Prospective data collected by the UK Epilepsy and Pregnancy Register were analyzed. The presence of MCMs recorded within the first 3 months of life was the main outcome measure.
Full outcome data were collected on 3,607 cases. The overall MCM rate for all AED exposed cases was 4.2% (95% confidence interval (CI): 3.6–5.0%). The MCM rate was higher for polytherapy (6.0%) (n= 770) than for monotherapy (3.7%) (n= 2,598) (crude odds ratio (OR) = 1.63 (p= 0.010), adjusted OR = 1.83 (p= 0.002)). The MCM rate for women with epilepsy who had not taken AEDs during pregnancy (n= 239) was 3.5% (1.8–6.8%). The MCM rate was greater for pregnancies exposed only to valproate (6.2% (95% CI: 4.6–8.2)) than only to carbamazepine (2.2% (1.4–3.4%)) (OR = 2.78 (p < 0.001)); adjusted OR = 2.97 (p < 0.001)). There were fewer MCMs for pregnancies exposed only to lamotrigine than only to valproate. A positive dose response for MCMs was found for lamotrigine (p= 0.006). Polytherapy combinations containing valproate carried a higher risk of MCM than combinations not containing valproate (OR = 2.49 (1.31—4.70)).

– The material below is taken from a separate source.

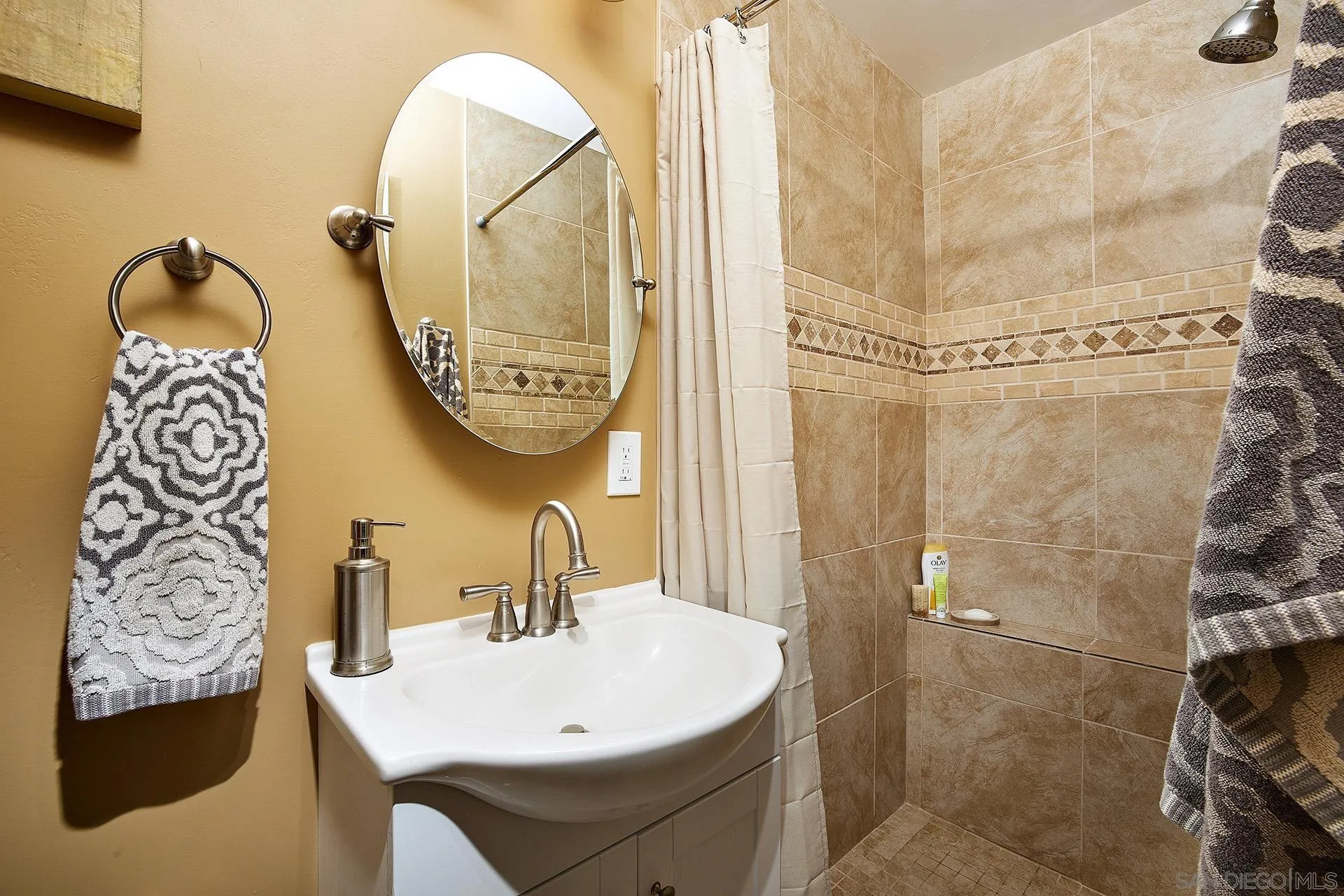 1548 Calle Violetas Encinitas, CA 92024 - Photo 40 of 47 a bathroom with a sink and mirror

Only 4.2% of live births to women with epilepsy had an MCM. The MCM rate for polytherapy exposure was greater than for monotherapy exposure. Polytherapy regimens containing valproate had significantly more MCMs than those not containing valproate. For monotherapy exposures, carbamazepine was associated with the lowest risk of MCM.
Vajda FJ, Eadie MJ
Acta Neurol Scand 2005;112(3);137–143 [PubMed]
OBJECTIVE: To study the possible dose dependence of the foetal malformation rate after exposure to sodium valproate in pregnancy.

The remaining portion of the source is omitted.